Oyelowo and Nyong'o shine in their supervisory roles, both noble and principled in the face of various pressures. (And do rest assured that Oyelowo and Nyong'o will be the faces of Hollywood's "Africa" slate for the foreseeable future). In one touching scene, Robert Katende, having taken his team to a tournament at a "city school" in Kampala, discovers that the children are frightened and homesick. He performs a story for them, an allegory which -- despite his goofy histrionics to cheer them up -- reminds them that in everything they do, they are fighting for their lives.
Phiona's success means she is exposed to a world beyond her slum; indeed, a world beyond Uganda. And a familiar friction emerges. Phiona's mother blames Katende for showing her daughter a world to which she will never truly belong. But Phiona's rapid ascent in chess never detracts from her wisdom and compassion (or at least never for long). She tells a Ugandan chess federation that the only reason she wants to participate in international tournaments is because she has heard grandmasters make money, and she wants to provide for her family.

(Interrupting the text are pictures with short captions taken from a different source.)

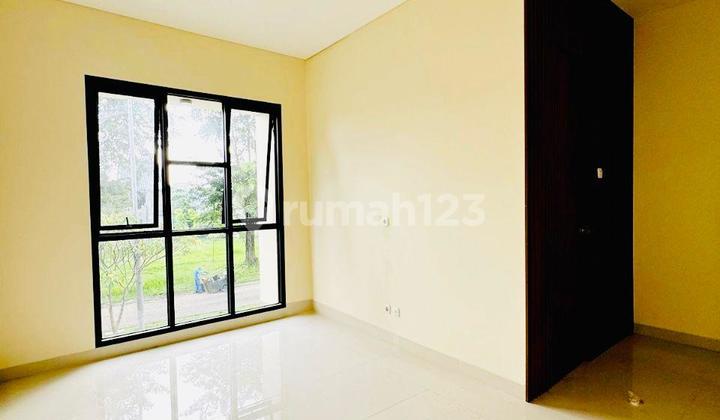 FOR SALE NEW HOUSE METLAND PURI 5x20m² 3+1BR SHM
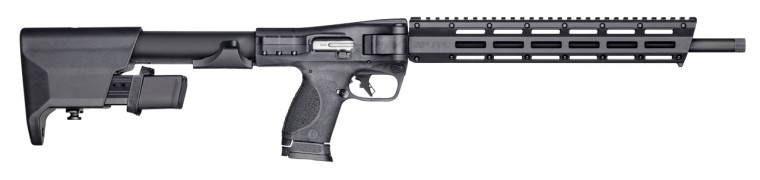 Smith & Wesson M&P FPC 9mm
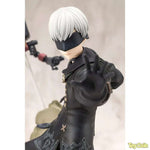 ARTFX J YoRHa No.9 Type S (9S) by Kotobukiya - Shop at ToyCoin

A generation ago, Disney's formula in this arena was to tell tales of underdogs as they prevailed in America's major sports: The Sandlot, The Mighty Ducks, The Big Green, The Little Giants. These days, the approach is more global and more true-to-life. But Disney still understands that the underdog story, from a narrative perspective, is still the best one worth telling. (Even if chess isn't a 'sport,' in the traditional sense.)